Panzerdebatte : Ein Faktencheck
Die Panzerdebatte im ARD-Presseclub hat die Gemüter bewegt. Könnte der Krieg nach Moskau getragen werden, sind schon Abrams-Panzer in Europa? Und was sagt General Milley zu den Aussichten? Ein Faktencheck.
- Zur Frage, ob der Kampf bis Moskau getragen werden könnte: Dazu die „New York Times“: Ukraine Targets Bases Deep in Russia, Showing Expanded Reach Launching drones at air bases 300 miles from its own territory, Ukraine changed the geography of the war. It said it had developed drones with a range of over 600 miles. Im Text heißt es: The other explosion occurred at the Dyagilevo military base in the central city of Ryazan, about 100 miles from Moscow, according to Russia’s defense ministry. – Die Drohnen könnten also auch Moskau treffen… – Nachtrag: Wie „Newsweek“ berichtet, ist Moskau im Visier der Ukraine. „Ukrainian presidential adviser Mikhail Podolyak has warned that the war in Ukraine could eventually reach Russia’s largest cities, including the capital, Moscow.„
- Zum Verhältnis Ukraine-Nato: Dazu erklärte der ukrainische Verteidigungsminister Resnikow: “Die Ukraine ist de facto Nato-Mitglied”, sagte Resnikow der BBC. “Ukraine as a country, and the armed forces of Ukraine, became [a] member of NATO. De facto, not de jure (by law). Und Nato-Generalsekretär Stoltenberg erklärte, die Nato leiste der Ukraine “vitale Hilfe”. – Das unterstreicht die These vom Stellvertreterkrieg.
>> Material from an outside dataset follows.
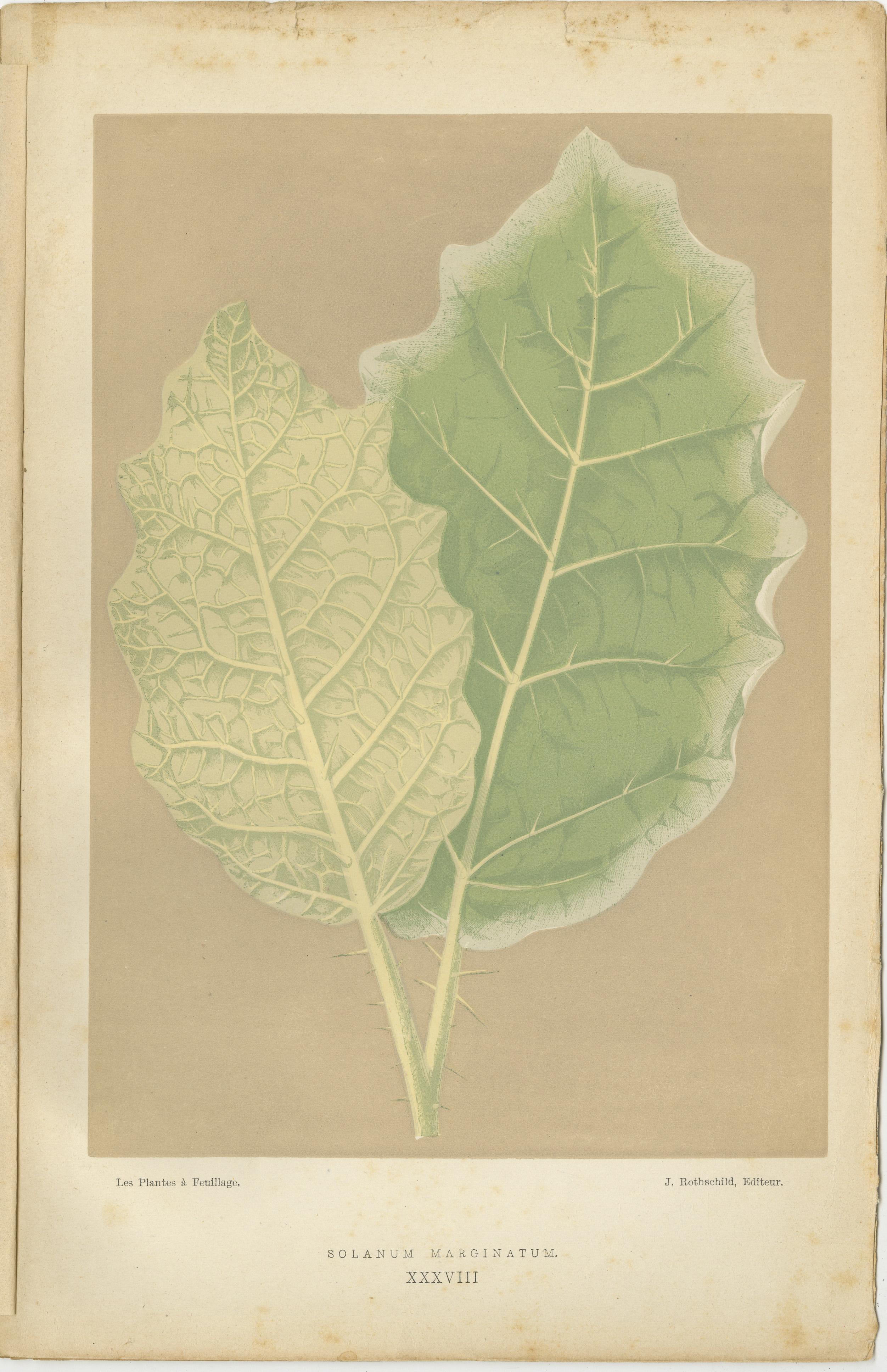 Late 19th Century Vintage Botanical Elegance: A Study of Leaves and Patterns, Published in 1880 For Sale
- Zu Abrams-Panzern in Europa meldet Reuters am 11. Januar: U.S. military tanks at Dutch port en route to NATO frontier. Im Text heißt es: „There’s about 1,250 pieces of military equipment coming into this port,“ said Col. Robert Kellam, overseeing the operation on the U.S. side. The equipment includes M-1 Abrams tanks and Bradley Fighting Vehicles from the 2nd Brigade Combat Team, 1st Cavalry Division, of Fort Hood, Texas. Obwohl die Abrams schon in Europa stehen, will die USA sie nicht in die Ukraine schicken. Doch darüber wird nicht diskutiert – warum?
- Last but no least die jüngste Lagebeurteilung von General Milley, dem obersten Militär der USA: „From a military standpoint, I still maintain that for this year it would be very, very difficult to militarily eject the Russian forces from…every inch of Russian-occupied Ukraine,“ Milley said. „That doesn’t mean it can’t happen—doesn’t mean it won’t happen, but it’d be very, very difficult.“ Das sagte er am Freitag in Ramstein. Zugleich bekräftigte er seine Einschätzung, dass der Krieg nicht auf dem Schlachtfeld, sondern in Verhandlungen beendet werde. Die Quelle ist „Newsweek“.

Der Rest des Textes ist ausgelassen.